Kaggle is an interesting company. It provides companies a way to access Data Scientists in a completion like format and a very low cost. The value proposition of Kaggle for companies is very clear; this article will focus on the flipside of this equation. What value does Kaggle give to the data scientists?
This blog post contains my own personal opinions, however I have tried to be as balanced in my views as possible and I have tried to present all benefits and disadvantages to this platform.
Disadvantages of Kaggle to the Data Scientist
Cheapens the Skill
Most Kaggle competitions award prizes in the order of 5k – 50k. There are a few competitions that get a lot of media attention as they have much higher prizes, however these are very rare. Given the chances of winning a Kaggle competition and the prize money involved then the monetary returns of Kaggle are negligible. Therefore we have highly educated and skilled people providing an extremely valuable service to commercial organisations for free. This reeks of software development’s Open Source commercialisation strategy that aims to destroy competitors by providing a free product and charging for other services (like support). In this case Kaggle’s competitors are the Data Scientists themselves as they could be consulting for organisations directly instead of going through Kaggle. This is an interesting argument that could be the subject of its own blog post so let’s put it aside for now.
Kaggle Encourages Costly Models over Fast Models
When competing, the participants have no incentive to create robust, fast, bug proof models. The only incentive is to get the best possible predictive model disregarding all other factors. This is very far removed from the real world where accuracy compromises are made regularly mainly for performance purposes.

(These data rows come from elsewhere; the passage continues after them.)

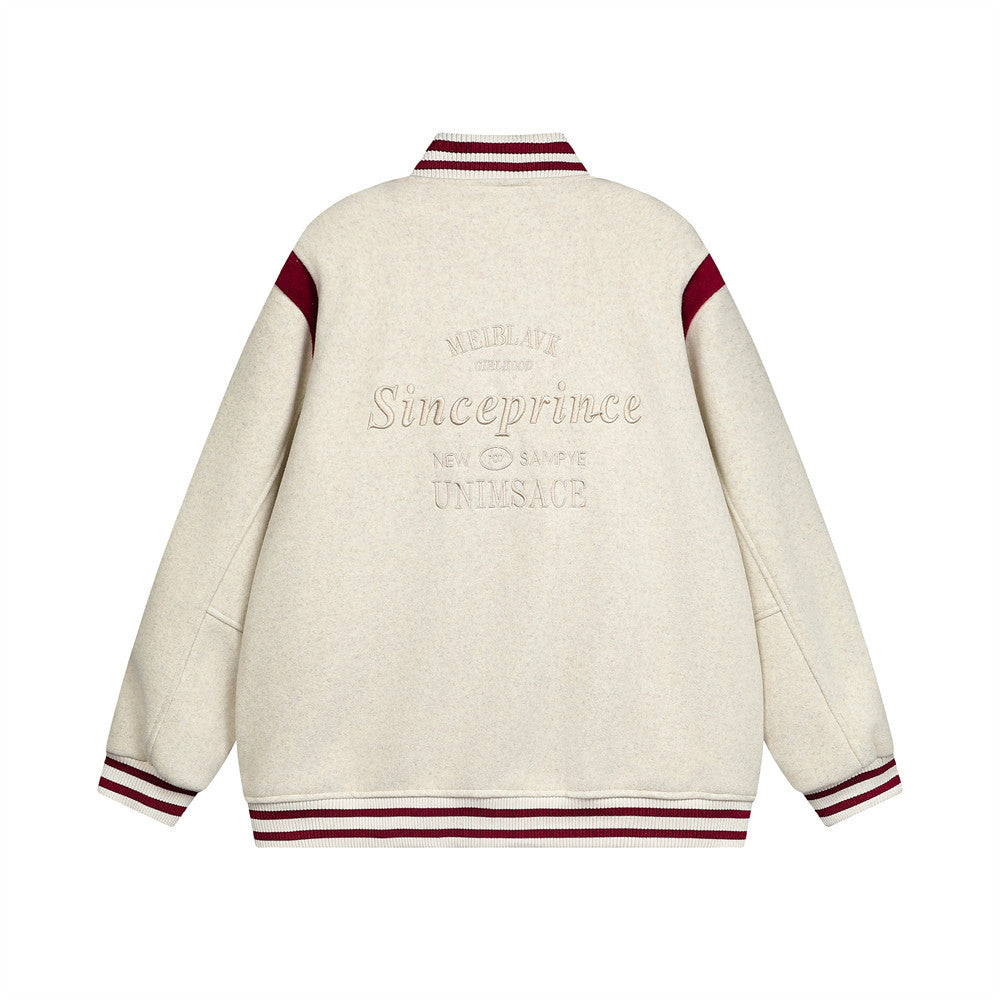 Veste Baseball Color Block — Style Urbain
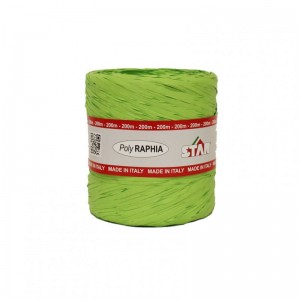 SPOLETTE polyraffia 15MM 200MT-v.mela
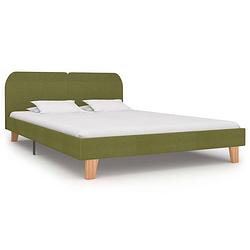 Foto van Vidaxl bedframe stof groen 160x200 cm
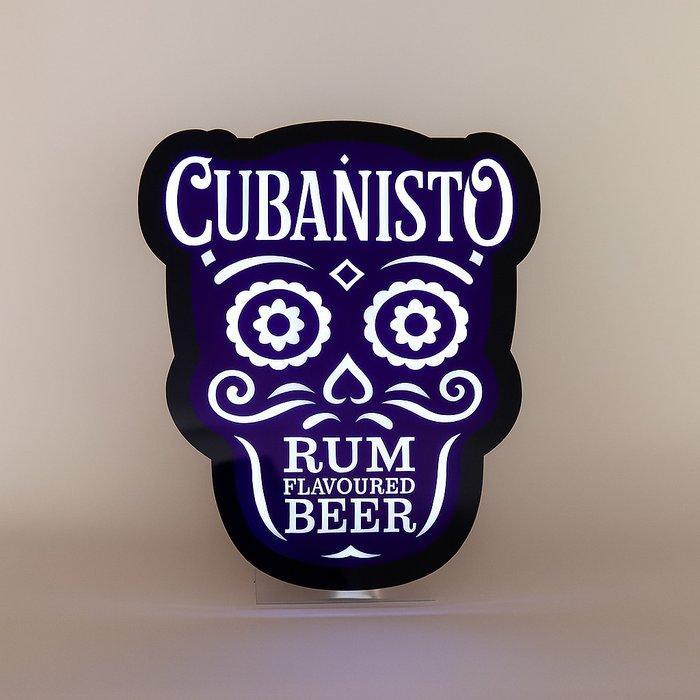 cubanisto - Cubanisto Beer/rum cartel luminoso - cubanisto -, Antiek en Kunst, Antiek | Wandborden en Tegels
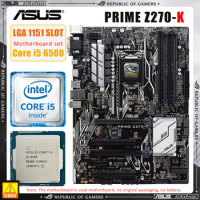 ASUS PRIME Z270-K Mainboard is Equipped with a Core i5 6500 Processor and Supports 4 x DDR4 DIMMs 64GB 2 x M.2 Ports HDMI DVI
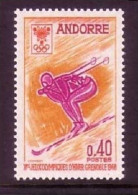 FRANZÖSISCH ANDORRA MI-NR. 207 POSTFRISCH(MINT) WINTEROLYMPIADE GRENOBLE 1968 - SKIFAHREN - Nuevos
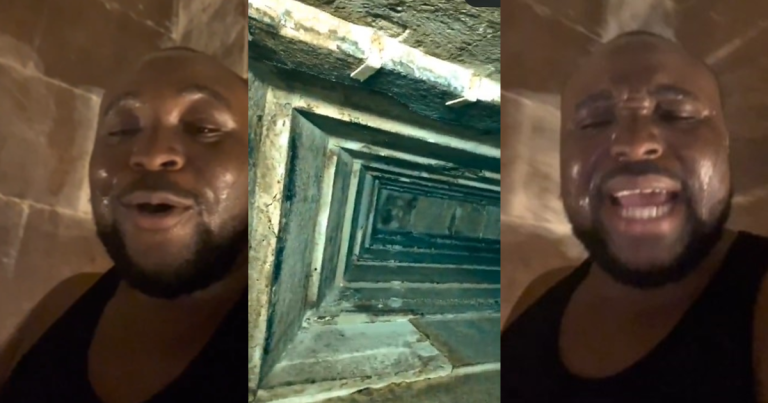 "I don't bl@me the Israelites for esc@ping" – Nigerian man shares his experience after visiting the Pyramid in Egypt (WATCH)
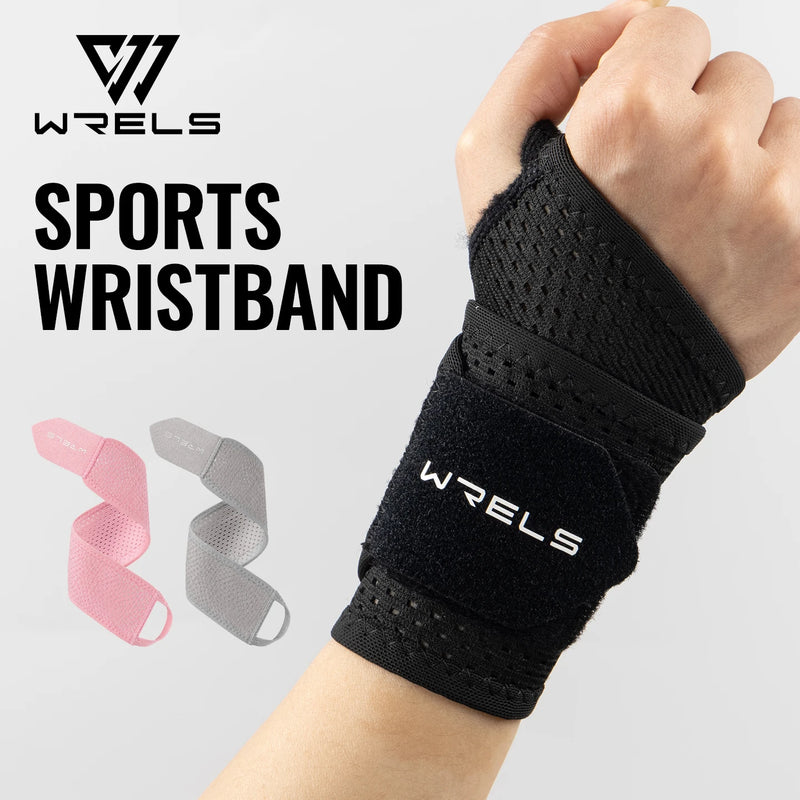 WRELS Compression Wristband Adjustable Wrist Brace Breathable Carpal Tunnel Pain Relief Sports Workout Sports Wrist Support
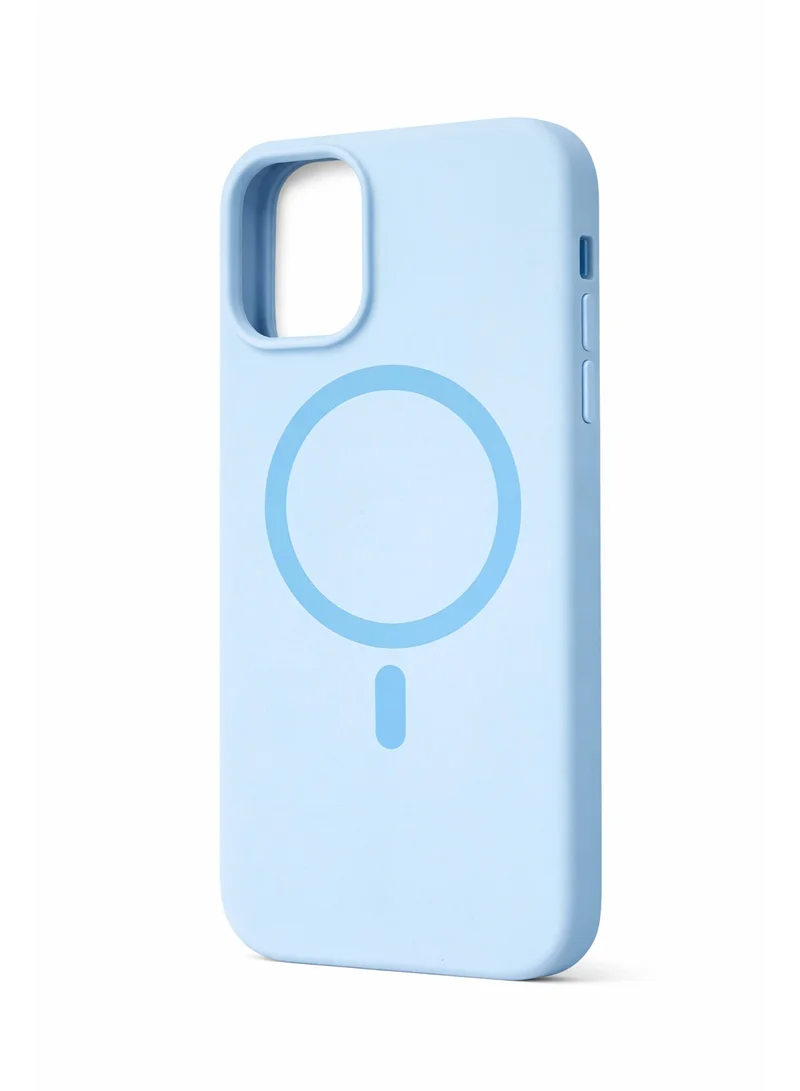 موبكوس جراب Mobcos iPhone 17 Sky Blue Elite Ring المصنوع من السيليكون الفاخر والمزود بشحن لاسلكي مغناطيسي | ملمس ناعم كالحرير | حماية مقاومة للصدمات بمعايير عسكرية | توافق مغناطيسي قوي | غطاء أنيق وفاخر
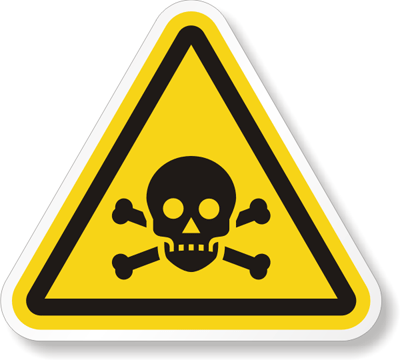 Warning Toxic Danger & Warning Labels 
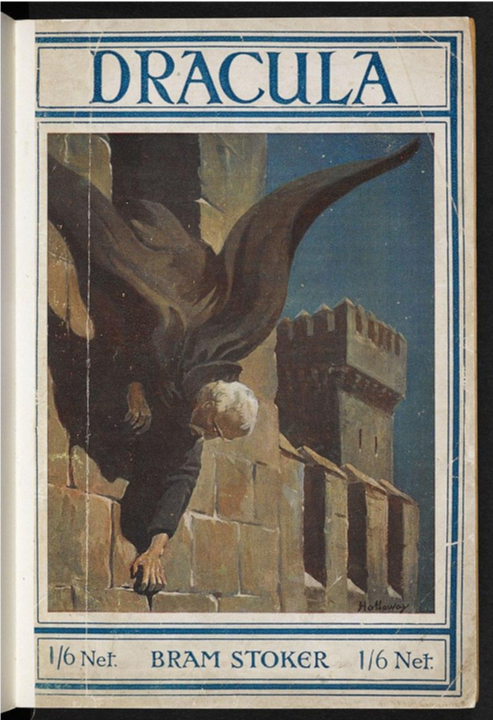 Front cover of the 1919 Dracula edition (source: Wikimedia Commons)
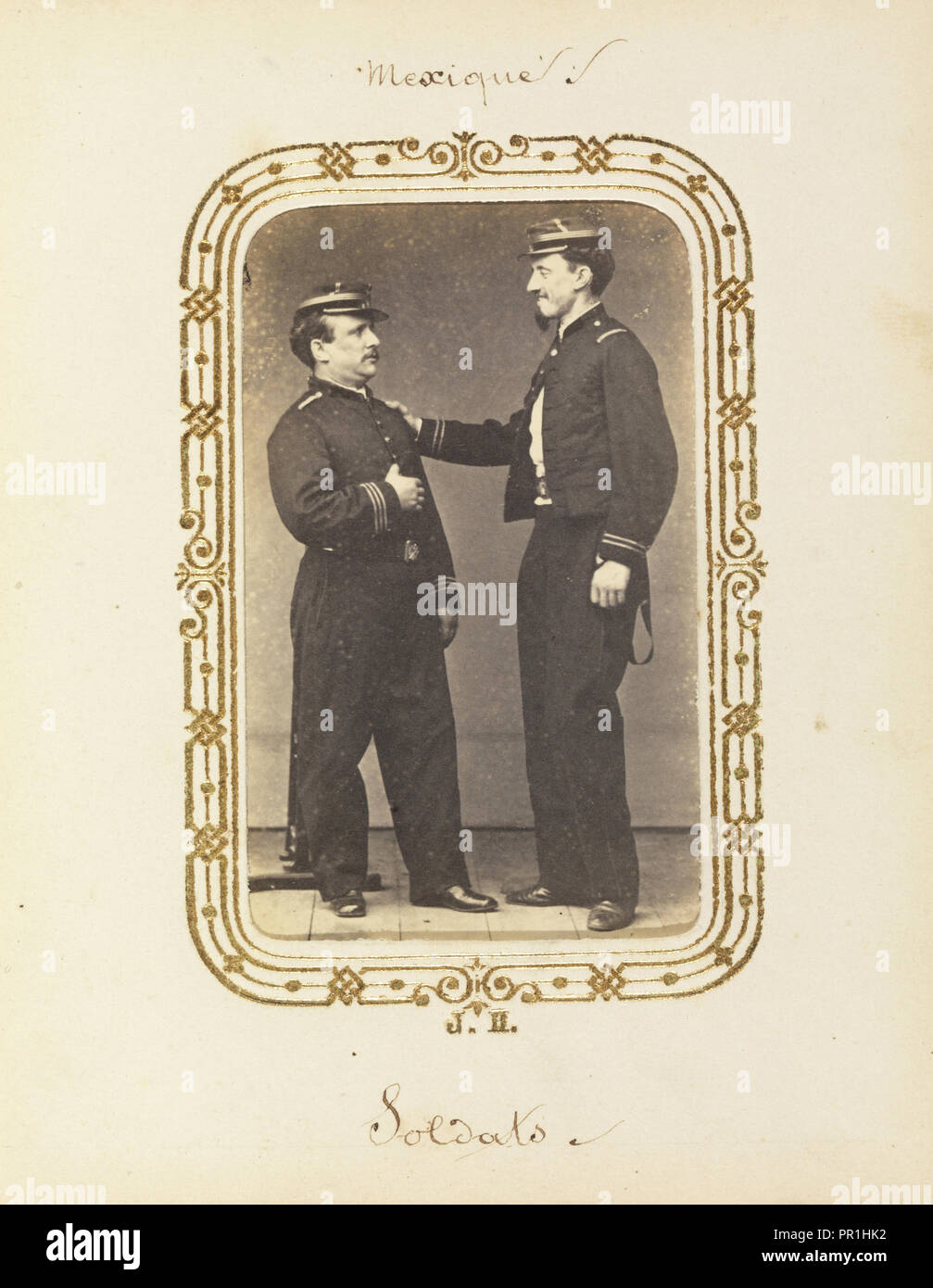 Album di messicani e il francese cartes-de-visite, tra 1861-1880 Foto Stock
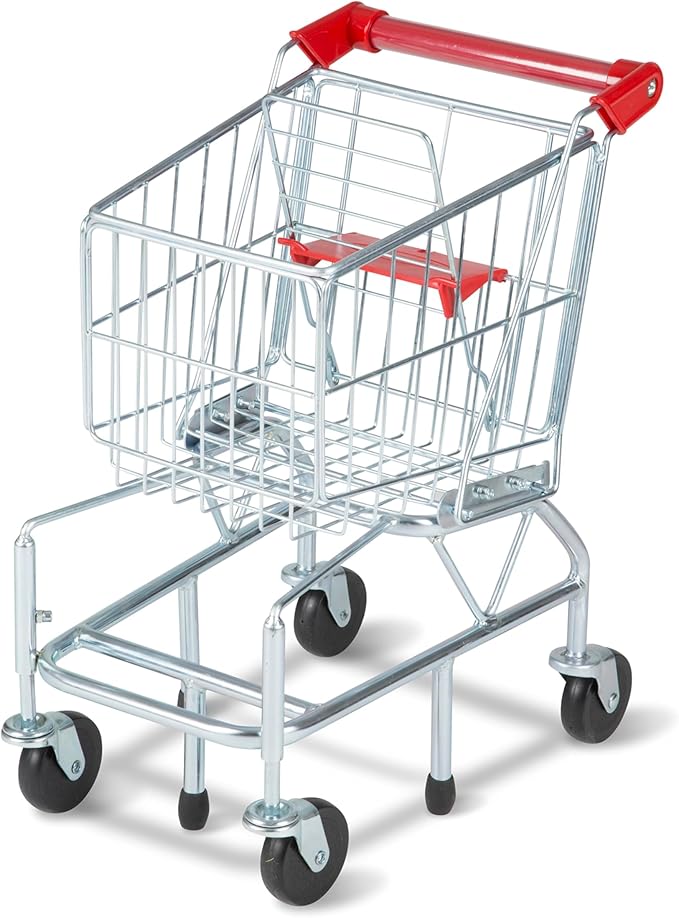 Melissa & Doug Toy Shopping Cart With Sturdy Metal Frame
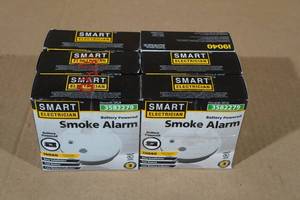 lot 77 image: 6 Smart Electrician Smoke Alarm
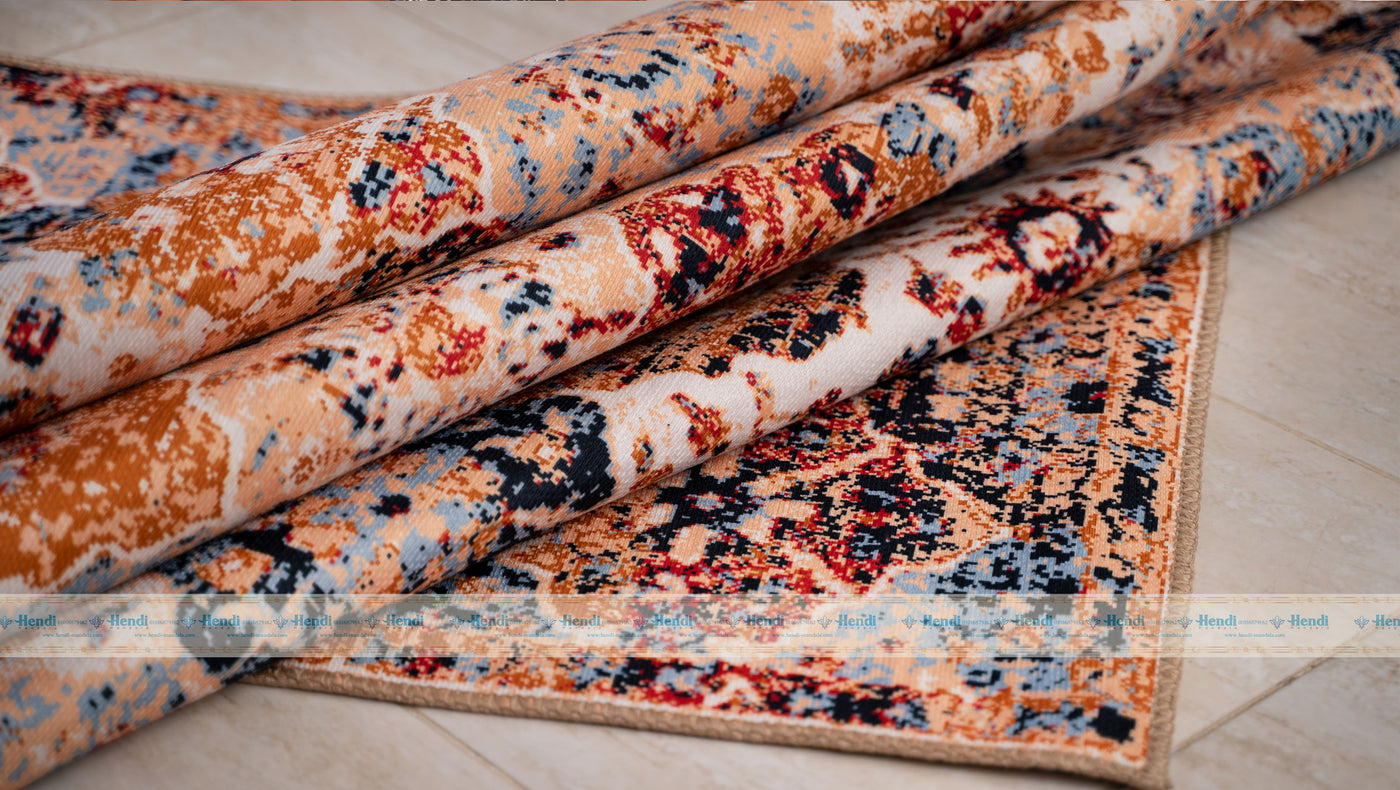 Qahira - Luxury Touch printed Area Rug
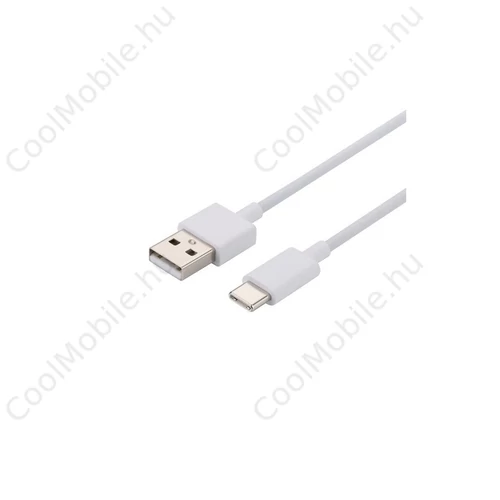 Xiaomi Original USB-C adatkábel 3A 1m fehér - csomagolás nélküli gyári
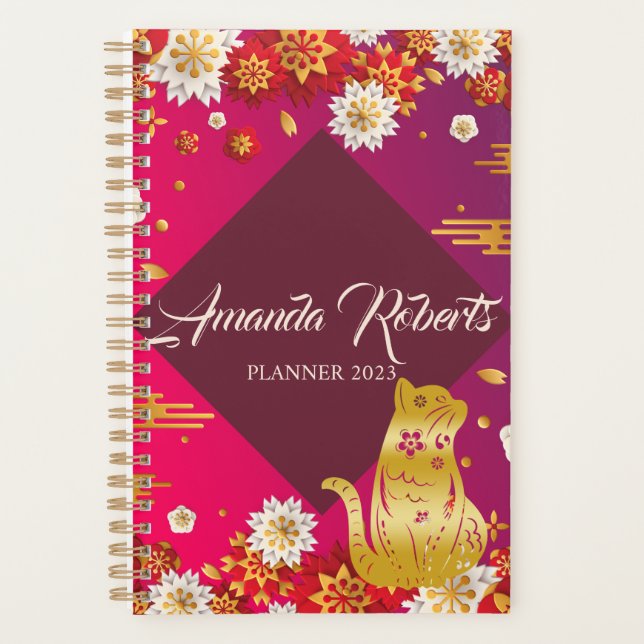 Agenda Ano Do Planeador De Flores Cat 2024 (Frente)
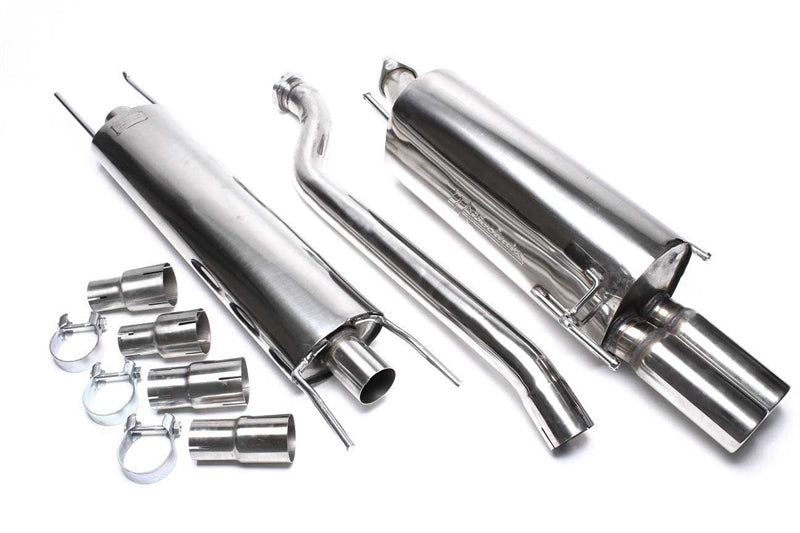 Ligne d'échappement inox 2 × 76 mm pour Opel Astra G-CC, Typ T98 — TA Technix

Kaggle Does not Teach Data Prep, Data Soruce Merging, Communicating w/ Business, etc
Competitions on Kaggle go straight for the last 5-10% of the job. It assumes all data sources have been merged, assumes management has decided on the best question to ask the data and IT has prepared the data and cleaned it. This again is very different from real life projects and could be giving some Data Scientists, especially unexperienced ones a false view of the industry.
Kaggle Competitions Take too Long to Compete In
I would guess that most top 50 competitors in any competition would put in around 40-200 hours in a single competition. This is a huge amount of time, so what does the competitor get out of it?
Benefits of Kaggle to the Data Scientist
Opportunities for Learning
Kaggle is the best source on the internet at the moment for budding data scientists to learn and hone their craft. I am confident in the accuracy of the statement having seen many people start out on simple competitions and slowly progress over time to be a highly skilled data scientist. This great blog post from Triskelion demonstrates this clearly. This benefit cannot be overstated, data science is hard!! You need to practice and this is the place to do it.
Opportunities to Discuss and ask Questions of Other Data Scientists
The Kaggle forums are a great place to ask questions and expand your knowledge. I regularly check these forums even if I’m not competing as they are a treasure trove of wonderful ideas and supportive and highly skilled individuals.
The Final 10%
The final 10% of a Data Science project is the machine learning / predictive analysis modelling. The other 90% are administrative, managerial, communications, development, business analysis tasks. These tasks are very important but in all honesty an experienced manager has these skills. The technical skills needed in this 90% are also easily available as most experienced developers can merge data sources and clear datasets. It is the final 10% where a great data scientist pays for himself. This is where Kaggle competitions sharper your skills, exactly where you want to be focusing your training.
Try out Data Science
Something that you quickly learn from any Predictive Analytics project is the monotony of data science. It can be extremely painful and is definitely not suitable for everyone. Many skilled developers have the maths, stats and other skills for Data Science but they may lack that patience and pedanticness that is required to be successful in the field. Kaggle gives you the chance to try out the career, I’m sure many have decided it’s just not for them after a competition or two.
I doubt how much value Kaggle actually provides in terms of promotion for the individual. I personally have never been approached for a project because of my Kaggle Master status or my Kaggle ranking. I have brought up the fact that I indeed am a Kaggle Master at some meetings but this generally gets ignored mainly because most people outside of the Data Science field do not know what Kaggle is. However, there may be some value there and I’m sure that the top 10-20 kagglers must get some promotional value from the platform.
Kaggle may cheapen the data science skillset somewhat, providing huge business benefits at very low cost and zero pay to data scientists. However, I like it and will continue to compete on my weekends/evenings as I have found the learning opportunities Kaggle provides are second to none.